Most app code should use the createKortix facade and the React hooks — they cover the whole surface and keep auth, caching, and runtime resolution wired for you. The subpath modules below are the lower-level, mostly stateless pieces those layers are built from. Reach for them when you need a single operation without the facade, a pure helper, or direct access to a store.

Each is a separate entry point, so you only pull in what you import:

importwhat
@kortix/sdk/filesworkspace file operations
@kortix/sdk/session · @kortix/sdk/session/urla session's runtime surface — health + URL builders
@kortix/sdk/opencode-clientthe typed OpenCode v2 client + its full type surface
@kortix/sdk/authauthenticatedFetch + token accessors
@kortix/sdk/projects-clientthe raw REST functions the facade wraps
@kortix/sdk/api-clientbackendApi — the low-level typed HTTP client
@kortix/sdk/server-storethe active runtime resolution surface
@kortix/sdk/sync-storethe live message/part/status store
@kortix/sdk/turnsturn-grouping, cost/token, and message-status helpers
@kortix/sdk/platform-clientthe instance admin surface — lifecycle, members, invites, backups, SSH, updates
@kortix/sdk/serverNode/Bun-only request-scoped config isolation for multi-tenant backends
@kortix/sdk/event-stream, @kortix/sdk/sandbox-connection-store, @kortix/sdk/opencode-pending-store, @kortix/sdk/config, @kortix/sdk/feature-flags, @kortix/sdk/fresh-sessions, @kortix/sdk/instance-routes, @kortix/sdk/opencode-errors, @kortix/sdk/idb-sync-cacheinternal plumbing the layers above are built from — see below

A session is the unit of work and owns its runtime — there is no top-level "sandbox" object in the app-facing API. @kortix/sdk/session is the runtime surface a host reaches for. The one exception is internal: sandbox-connection-store (see below) tracks low-level health/reconnect state for the sandbox process itself and uses "sandbox" in its name — it's plumbing useSession consumes, not something host code should import directly. Host code imports only from @kortix/sdk/* — never @opencode-ai/sdk, never raw backendApi / authenticatedFetch from elsewhere.

@kortix/sdk/files

Workspace file operations against the active session's sandbox — read and write, search, and status. The files object groups every operation; the individual functions are exported too.

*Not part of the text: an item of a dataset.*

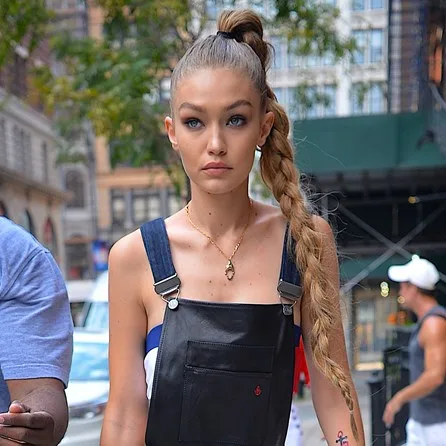 Gigi Hadid plaits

import { files } from '@kortix/sdk/files';

const tree = await files.list('/workspace/src');
const { content } = await files.read('/workspace/README.md');
const changed = await files.status();              // git-style changed files
const hits = await files.findText('TODO');         // ripgrep across the repo

await files.upload(file, '/workspace/uploads');
await files.mkdir('/workspace/notes');
await files.rename('/workspace/a.txt', '/workspace/b.txt');
await files.remove('/workspace/old.txt');

Also: files.findFiles(query), files.copy, files.create, files.readBlob (for binary download), files.toWorkspaceRelative(path), and files.health / files.isReachable for the daemon. When to use: one-off file operations in non-React code (uploads, exports, a file picker). In React, prefer the live data hooks; for repo files outside a running session, use kortix.project(id).files.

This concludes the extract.